__Problem details__
Repeat the entries below exactly. Drop the pictures.

───

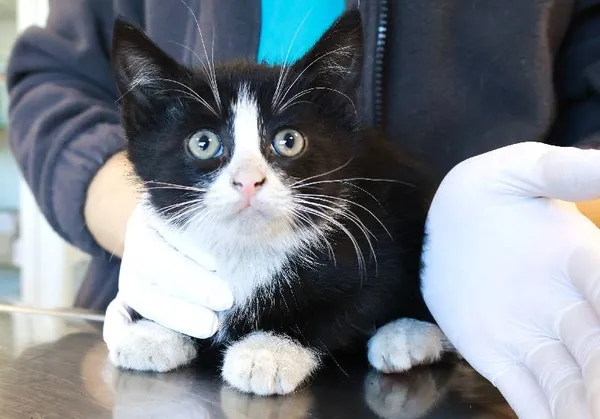 Znaleziono kota, Łódź, 24 września 2025 (1/2)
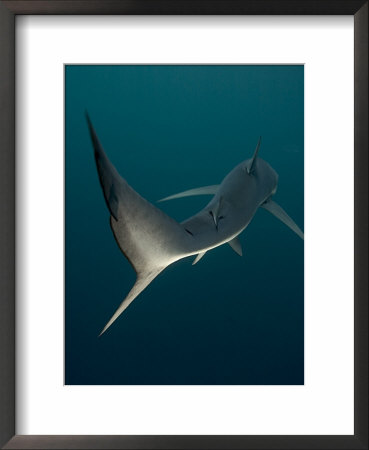 Blue Shark, Cape Point, Atlantic Ocean by Chris And Monique Fallows Pricing Limited Edition Print image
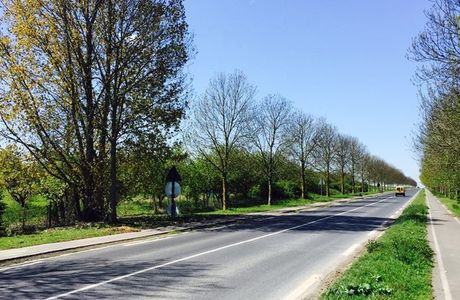 Parc de la Mairie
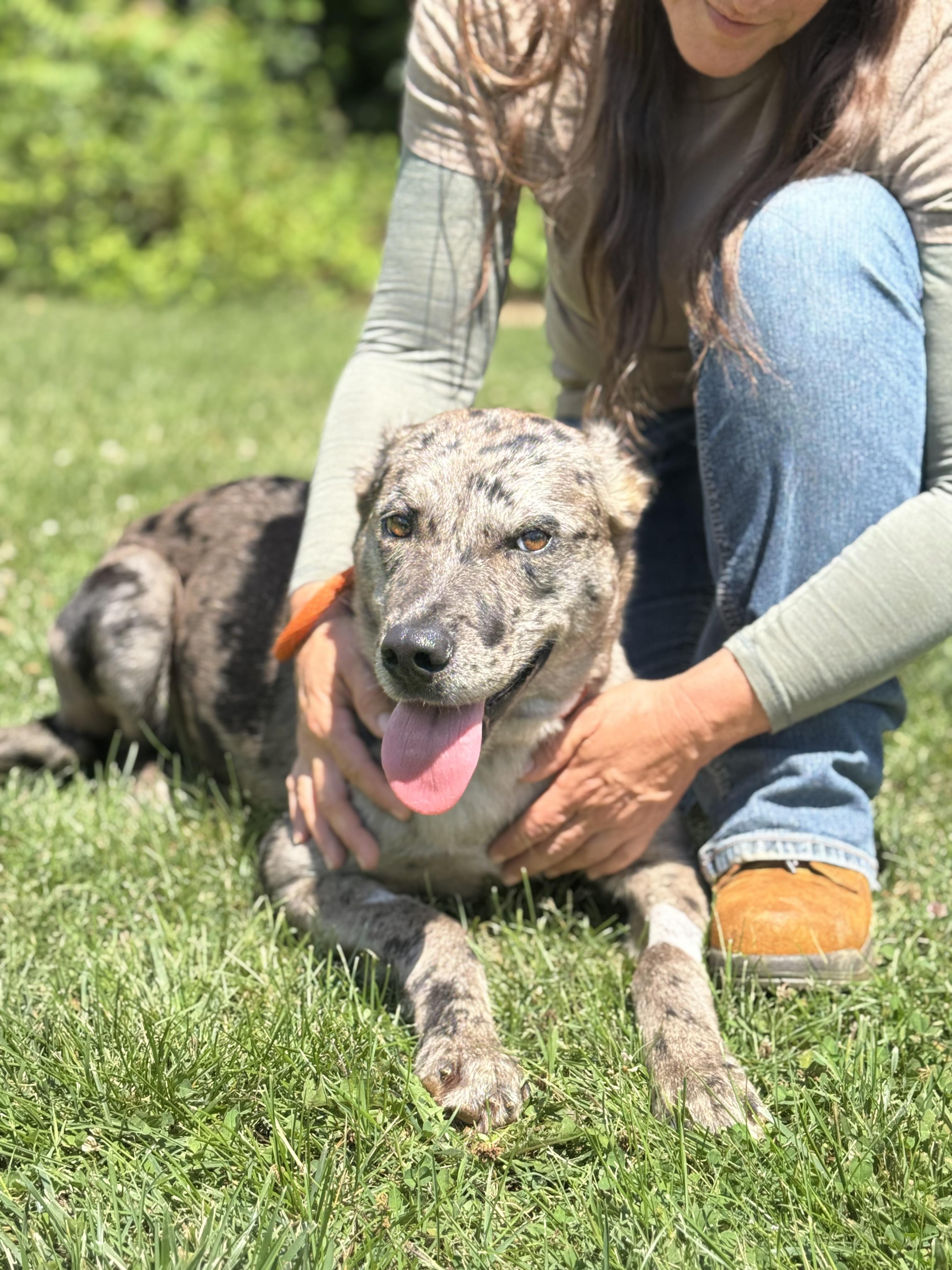 Smoke Show, an adopted Catahoula Leopard Dog in Richmond, VA image 6/6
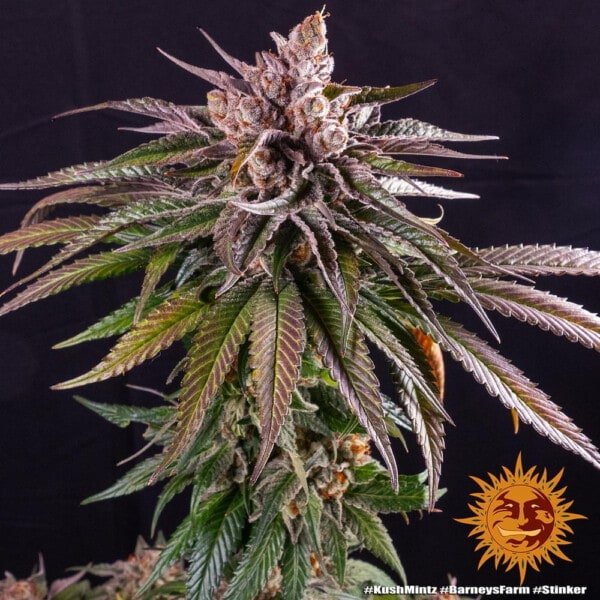 Barney's Farm Kush Mintz Feminized Cannabis Seed Annibale Seedshop 1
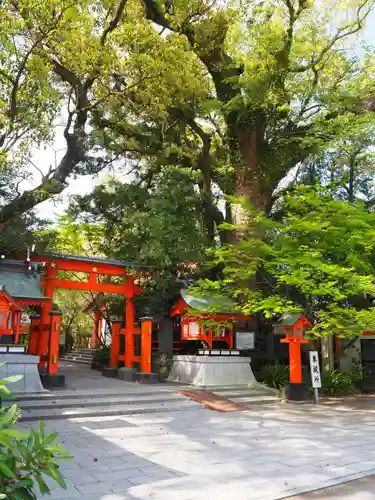 枚聞神社の鳥居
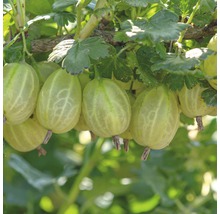 Detailní záběr angreštu na keři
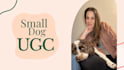 create authentic small dog ugc video ads
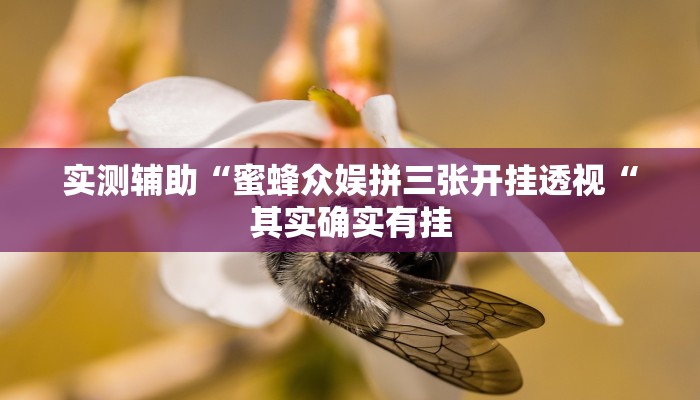 实测辅助“蜜蜂众娱拼三张开挂透视“其实确实有挂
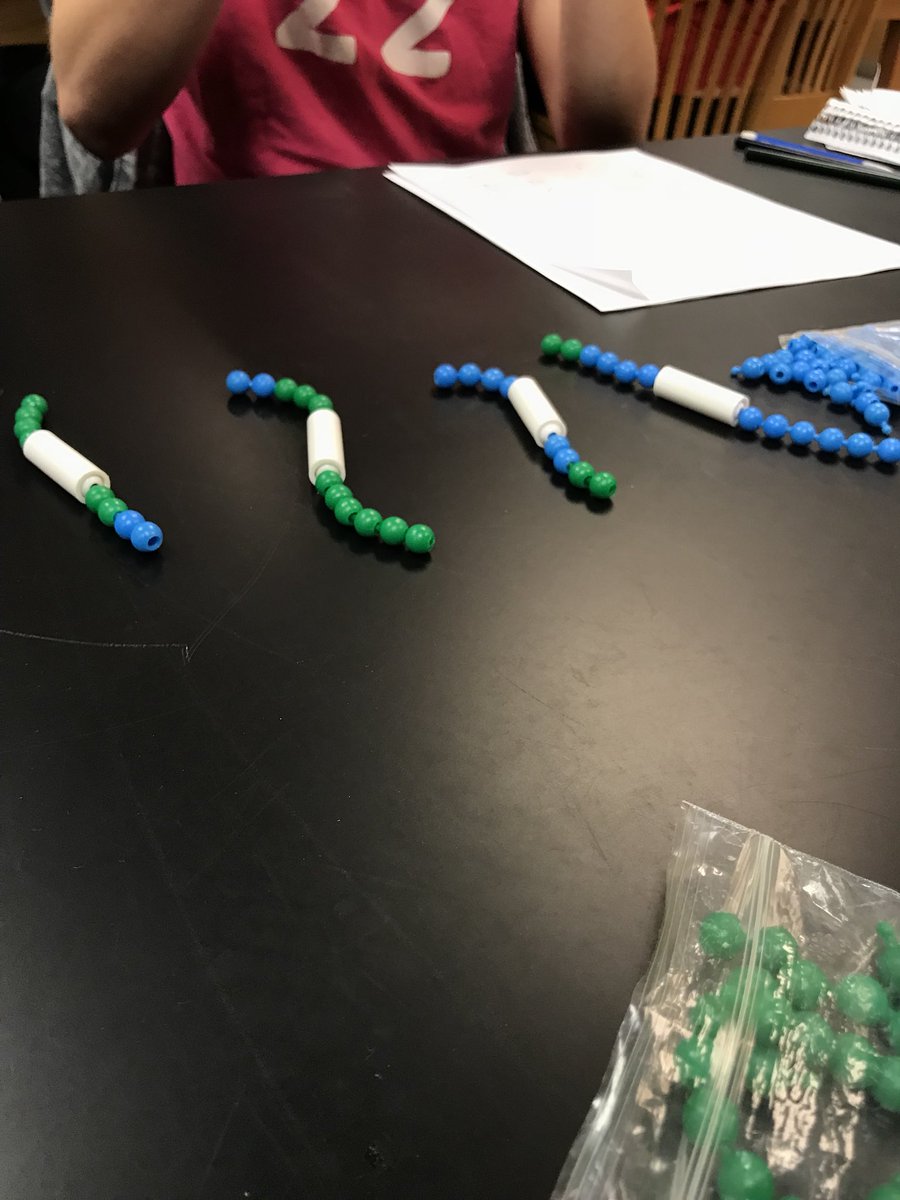 MummConnor's tweet photo. @UNKBiol106CW #106F17week11 demonstrating crossing over during meiosis https://t.co/gRMV63G1qN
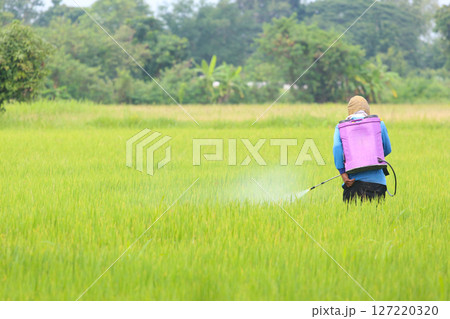 Farmer Spraying Pesticide in Rice Field Farmer Spraying Pesticide in Rice Field 127220320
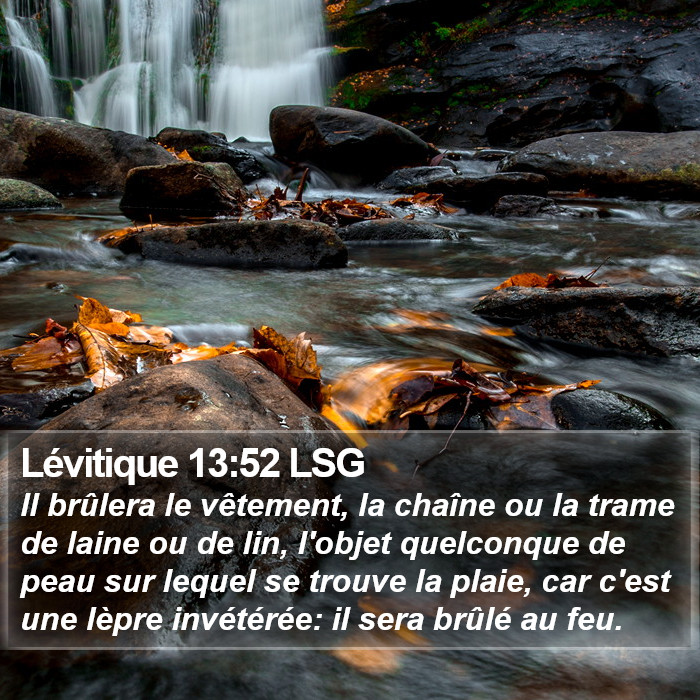 Lévitique 13:52 LSG Bible Study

───

__Written response__
 Znaleziono kota, Łódź, 24 września 2025 (1/2)
 Blue Shark, Cape Point, Atlantic Ocean by Chris And Monique Fallows Pricing Limited Edition Print image
 Parc de la Mairie
 Smoke Show, an adopted Catahoula Leopard Dog in Richmond, VA image 6/6
 Barney's Farm Kush Mintz Feminized Cannabis Seed Annibale Seedshop 1
 枚聞神社の鳥居
 Detailní záběr angreštu na keři
 create authentic small dog ugc video ads
 实测辅助“蜜蜂众娱拼三张开挂透视“其实确实有挂
 MummConnor's tweet photo. @UNKBiol106CW #106F17week11 demonstrating crossing over during meiosis https://t.co/gRMV63G1qN
 Farmer Spraying Pesticide in Rice Field Farmer Spraying Pesticide in Rice Field 127220320
 Lévitique 13:52 LSG Bible Study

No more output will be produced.